W miarę dalszego dochodzenia w sprawie Facebooka, trwają doniesienia, że gigant sieci społecznościowej rzekomo dał serwisowi Spotify i Netflix dostęp do prywatnych wiadomości użytkowników.
W czasie dochodzenia przeprowadzonego w New York Times ukazały się setki stron dokumentów pokazujących dokładnie, w jaki sposób Facebook dzieli się informacjami użytkowników i jak dane osobowe stały się najbardziej cenionym towarem w erze cyfrowej.
Wg raportu Facebook umożliwił wyszukiwarce Bing Microsoftu przeglądanie nazwisk praktycznie wszystkich znajomych użytkowników Facebooka bez zgody i dał Netflix oraz Spotify możliwość czytania prywatnych wiadomości użytkowników Facebooka.

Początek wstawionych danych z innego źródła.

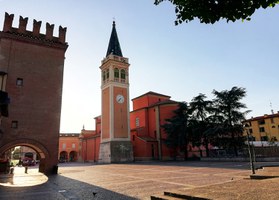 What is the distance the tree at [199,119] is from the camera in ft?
105

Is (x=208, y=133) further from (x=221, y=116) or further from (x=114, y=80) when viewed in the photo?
(x=114, y=80)

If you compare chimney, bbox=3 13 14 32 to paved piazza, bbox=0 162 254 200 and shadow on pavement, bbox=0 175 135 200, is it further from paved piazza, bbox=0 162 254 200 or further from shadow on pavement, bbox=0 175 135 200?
shadow on pavement, bbox=0 175 135 200

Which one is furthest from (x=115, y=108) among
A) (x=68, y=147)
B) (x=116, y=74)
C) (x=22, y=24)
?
(x=68, y=147)

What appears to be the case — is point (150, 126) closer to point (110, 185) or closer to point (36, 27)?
point (36, 27)

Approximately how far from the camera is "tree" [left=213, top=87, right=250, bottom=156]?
1111 inches

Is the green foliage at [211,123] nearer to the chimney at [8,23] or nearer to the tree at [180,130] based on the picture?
the tree at [180,130]

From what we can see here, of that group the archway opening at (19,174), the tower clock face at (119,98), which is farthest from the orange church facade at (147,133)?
the archway opening at (19,174)

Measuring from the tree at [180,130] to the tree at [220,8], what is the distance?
101 feet

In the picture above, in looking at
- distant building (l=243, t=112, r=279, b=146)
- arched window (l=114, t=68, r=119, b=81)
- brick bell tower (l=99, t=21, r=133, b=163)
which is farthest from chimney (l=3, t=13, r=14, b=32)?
distant building (l=243, t=112, r=279, b=146)

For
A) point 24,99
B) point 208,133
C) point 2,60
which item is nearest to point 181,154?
point 208,133

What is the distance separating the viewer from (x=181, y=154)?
128 ft

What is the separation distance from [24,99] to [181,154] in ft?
96.3

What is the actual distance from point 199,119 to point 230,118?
5.42 m

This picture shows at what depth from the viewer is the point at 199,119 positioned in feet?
110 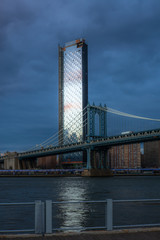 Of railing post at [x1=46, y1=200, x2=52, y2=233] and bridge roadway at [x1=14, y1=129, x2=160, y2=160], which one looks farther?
bridge roadway at [x1=14, y1=129, x2=160, y2=160]

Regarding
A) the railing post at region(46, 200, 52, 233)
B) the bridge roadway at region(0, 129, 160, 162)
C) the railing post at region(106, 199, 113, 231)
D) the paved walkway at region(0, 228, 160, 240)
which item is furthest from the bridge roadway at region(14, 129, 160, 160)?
the railing post at region(46, 200, 52, 233)

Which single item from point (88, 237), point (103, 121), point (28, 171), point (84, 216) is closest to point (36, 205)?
point (88, 237)

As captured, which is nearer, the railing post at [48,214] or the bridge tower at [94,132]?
the railing post at [48,214]

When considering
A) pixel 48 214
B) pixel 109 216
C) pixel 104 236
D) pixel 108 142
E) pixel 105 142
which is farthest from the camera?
pixel 105 142

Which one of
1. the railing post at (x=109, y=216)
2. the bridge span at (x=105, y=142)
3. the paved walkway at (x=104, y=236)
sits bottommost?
the paved walkway at (x=104, y=236)

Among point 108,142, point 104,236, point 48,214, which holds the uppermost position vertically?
point 108,142

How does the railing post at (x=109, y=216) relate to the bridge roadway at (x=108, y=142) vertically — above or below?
below

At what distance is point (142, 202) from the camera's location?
10.9m

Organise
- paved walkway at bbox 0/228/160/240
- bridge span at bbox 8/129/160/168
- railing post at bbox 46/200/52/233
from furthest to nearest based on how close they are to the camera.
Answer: bridge span at bbox 8/129/160/168
railing post at bbox 46/200/52/233
paved walkway at bbox 0/228/160/240

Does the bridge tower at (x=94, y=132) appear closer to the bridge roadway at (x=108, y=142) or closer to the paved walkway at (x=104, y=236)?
the bridge roadway at (x=108, y=142)

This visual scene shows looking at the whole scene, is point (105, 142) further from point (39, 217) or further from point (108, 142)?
point (39, 217)

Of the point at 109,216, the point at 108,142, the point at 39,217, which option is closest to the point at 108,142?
the point at 108,142

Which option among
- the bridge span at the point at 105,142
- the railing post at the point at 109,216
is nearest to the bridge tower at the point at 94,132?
the bridge span at the point at 105,142

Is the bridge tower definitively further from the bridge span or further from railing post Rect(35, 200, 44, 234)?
railing post Rect(35, 200, 44, 234) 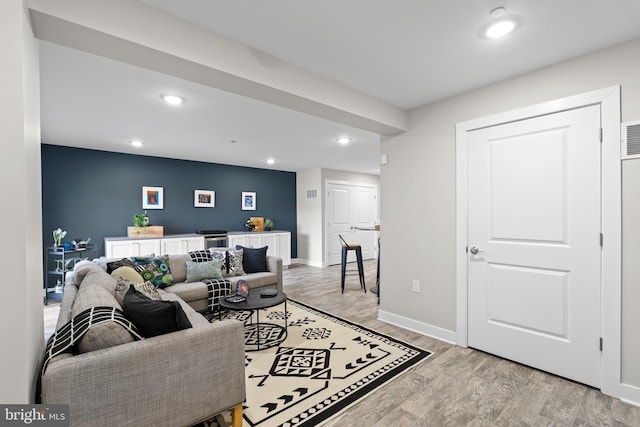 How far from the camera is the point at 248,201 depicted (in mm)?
6898

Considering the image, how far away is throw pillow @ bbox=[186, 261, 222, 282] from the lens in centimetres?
380

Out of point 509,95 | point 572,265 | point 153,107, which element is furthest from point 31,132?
point 572,265

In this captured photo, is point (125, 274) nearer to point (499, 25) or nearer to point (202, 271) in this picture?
point (202, 271)

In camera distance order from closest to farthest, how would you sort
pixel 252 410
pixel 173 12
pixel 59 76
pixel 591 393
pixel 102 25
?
pixel 102 25 → pixel 173 12 → pixel 252 410 → pixel 591 393 → pixel 59 76

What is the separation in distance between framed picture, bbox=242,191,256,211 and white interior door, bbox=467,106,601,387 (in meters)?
5.17

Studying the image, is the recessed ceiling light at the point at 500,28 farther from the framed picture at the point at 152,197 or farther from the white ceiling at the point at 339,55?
the framed picture at the point at 152,197

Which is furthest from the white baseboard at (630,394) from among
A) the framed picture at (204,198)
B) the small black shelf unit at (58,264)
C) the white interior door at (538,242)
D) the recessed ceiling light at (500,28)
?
the framed picture at (204,198)

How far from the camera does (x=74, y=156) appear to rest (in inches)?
190

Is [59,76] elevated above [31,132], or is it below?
above

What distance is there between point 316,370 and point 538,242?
2041mm

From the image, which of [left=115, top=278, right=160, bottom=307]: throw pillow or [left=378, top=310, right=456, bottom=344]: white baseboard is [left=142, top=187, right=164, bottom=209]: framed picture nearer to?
[left=115, top=278, right=160, bottom=307]: throw pillow

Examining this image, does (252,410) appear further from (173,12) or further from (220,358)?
(173,12)

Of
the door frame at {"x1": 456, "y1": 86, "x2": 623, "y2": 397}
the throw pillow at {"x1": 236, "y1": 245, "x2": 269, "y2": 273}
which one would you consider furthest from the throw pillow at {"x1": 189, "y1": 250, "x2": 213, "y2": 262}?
the door frame at {"x1": 456, "y1": 86, "x2": 623, "y2": 397}

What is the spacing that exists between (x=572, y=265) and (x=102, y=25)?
3.31m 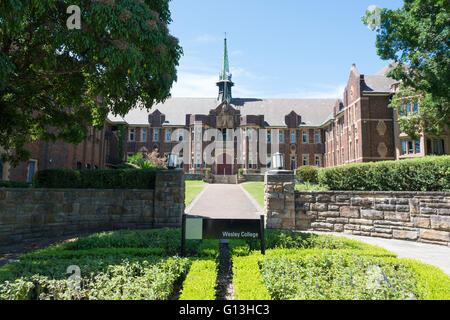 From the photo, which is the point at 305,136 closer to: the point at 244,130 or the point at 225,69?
the point at 244,130

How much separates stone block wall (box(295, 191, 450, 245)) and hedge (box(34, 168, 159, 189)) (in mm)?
5656

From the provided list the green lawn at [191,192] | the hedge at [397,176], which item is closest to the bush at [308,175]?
the green lawn at [191,192]

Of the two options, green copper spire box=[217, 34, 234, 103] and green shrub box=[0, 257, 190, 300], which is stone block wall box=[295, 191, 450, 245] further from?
green copper spire box=[217, 34, 234, 103]

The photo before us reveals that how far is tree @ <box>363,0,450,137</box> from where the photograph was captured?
1219 cm

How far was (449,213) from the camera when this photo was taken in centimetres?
760

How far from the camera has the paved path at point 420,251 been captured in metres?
6.08

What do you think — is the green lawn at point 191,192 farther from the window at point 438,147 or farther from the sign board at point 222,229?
the window at point 438,147

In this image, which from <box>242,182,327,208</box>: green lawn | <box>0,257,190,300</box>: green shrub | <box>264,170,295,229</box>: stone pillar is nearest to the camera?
<box>0,257,190,300</box>: green shrub

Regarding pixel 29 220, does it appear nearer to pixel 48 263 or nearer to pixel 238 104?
pixel 48 263

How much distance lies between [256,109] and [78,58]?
39642 mm

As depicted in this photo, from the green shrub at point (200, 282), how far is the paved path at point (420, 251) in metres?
4.86

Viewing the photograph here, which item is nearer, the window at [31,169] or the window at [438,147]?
the window at [31,169]

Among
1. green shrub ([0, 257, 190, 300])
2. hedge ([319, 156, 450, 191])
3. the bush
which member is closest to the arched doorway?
the bush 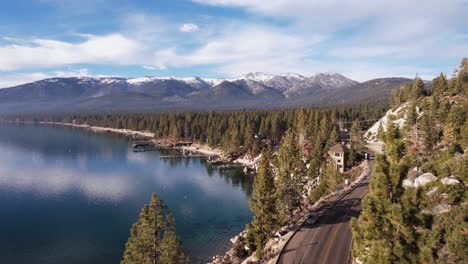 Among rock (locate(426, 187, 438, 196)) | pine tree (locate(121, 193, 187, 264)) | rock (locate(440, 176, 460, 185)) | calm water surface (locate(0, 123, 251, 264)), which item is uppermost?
rock (locate(440, 176, 460, 185))

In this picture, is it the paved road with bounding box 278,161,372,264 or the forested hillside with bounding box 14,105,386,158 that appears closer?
the paved road with bounding box 278,161,372,264

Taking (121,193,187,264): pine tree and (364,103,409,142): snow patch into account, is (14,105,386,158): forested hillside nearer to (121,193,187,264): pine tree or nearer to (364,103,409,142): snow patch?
(364,103,409,142): snow patch

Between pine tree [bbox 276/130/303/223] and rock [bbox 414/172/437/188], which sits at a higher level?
rock [bbox 414/172/437/188]

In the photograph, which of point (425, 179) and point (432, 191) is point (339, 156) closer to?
point (425, 179)

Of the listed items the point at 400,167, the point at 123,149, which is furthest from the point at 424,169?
the point at 123,149

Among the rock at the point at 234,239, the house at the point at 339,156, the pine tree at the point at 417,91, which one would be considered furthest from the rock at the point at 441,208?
the pine tree at the point at 417,91

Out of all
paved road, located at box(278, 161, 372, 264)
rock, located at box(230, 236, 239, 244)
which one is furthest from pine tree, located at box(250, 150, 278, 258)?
rock, located at box(230, 236, 239, 244)

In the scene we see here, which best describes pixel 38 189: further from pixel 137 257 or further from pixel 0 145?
pixel 0 145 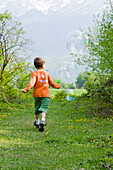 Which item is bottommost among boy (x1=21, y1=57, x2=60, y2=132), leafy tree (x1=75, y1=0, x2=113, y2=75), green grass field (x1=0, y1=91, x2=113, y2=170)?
green grass field (x1=0, y1=91, x2=113, y2=170)

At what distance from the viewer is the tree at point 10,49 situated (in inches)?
559

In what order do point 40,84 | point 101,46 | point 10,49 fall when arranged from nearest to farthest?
point 40,84 < point 101,46 < point 10,49

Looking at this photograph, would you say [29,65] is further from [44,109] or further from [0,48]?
[44,109]

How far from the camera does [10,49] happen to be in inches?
Result: 577

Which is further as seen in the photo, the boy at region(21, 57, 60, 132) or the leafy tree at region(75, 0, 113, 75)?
the leafy tree at region(75, 0, 113, 75)

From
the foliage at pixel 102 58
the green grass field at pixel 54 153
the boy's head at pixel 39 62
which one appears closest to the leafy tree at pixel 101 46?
the foliage at pixel 102 58

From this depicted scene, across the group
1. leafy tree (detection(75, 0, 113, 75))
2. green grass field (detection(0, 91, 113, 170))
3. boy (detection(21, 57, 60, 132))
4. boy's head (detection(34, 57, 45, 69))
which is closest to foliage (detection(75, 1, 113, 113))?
leafy tree (detection(75, 0, 113, 75))

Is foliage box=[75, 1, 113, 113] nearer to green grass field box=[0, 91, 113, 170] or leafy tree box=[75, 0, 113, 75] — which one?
leafy tree box=[75, 0, 113, 75]

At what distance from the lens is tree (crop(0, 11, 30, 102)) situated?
14203 mm

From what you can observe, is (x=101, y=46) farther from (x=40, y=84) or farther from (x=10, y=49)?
(x=10, y=49)

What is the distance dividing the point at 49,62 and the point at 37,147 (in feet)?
624

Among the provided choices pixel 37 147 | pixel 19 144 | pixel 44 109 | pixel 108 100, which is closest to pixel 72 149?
pixel 37 147


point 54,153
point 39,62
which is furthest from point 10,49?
point 54,153

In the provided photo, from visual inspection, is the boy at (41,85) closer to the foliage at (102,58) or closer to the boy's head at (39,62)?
the boy's head at (39,62) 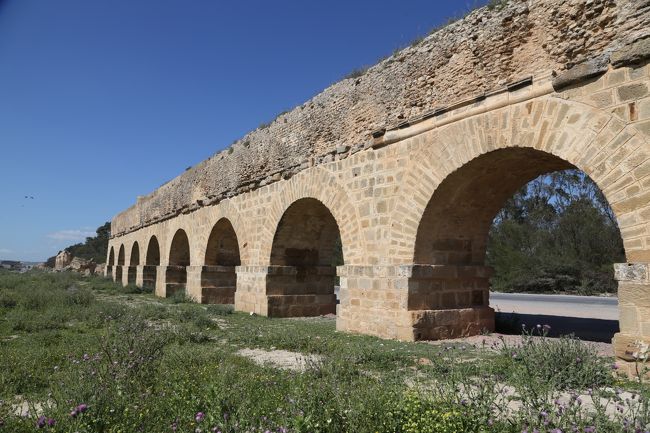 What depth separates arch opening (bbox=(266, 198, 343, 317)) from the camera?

Facebook zezwalał także na wyświetlanie wszystkich uczestników wątku – przywilejje , które wydawają się wykraczać poza to, co firmy potrzebowały do integracji z Facebookiem.
Spotify mógł podobno wyświetlać wiadomości ponad 70 milionów użytkowników każdego miesiąca.
Rzecznicy prasowi Spotify i Netflix powiedzieli, że firmy te nie były świadome szerokich uprawnień, które Facebook im przyznał.
Pozostaje zadać sobie pytanie? Może warto jednak zostać przy płytach kompaktowych i winylach?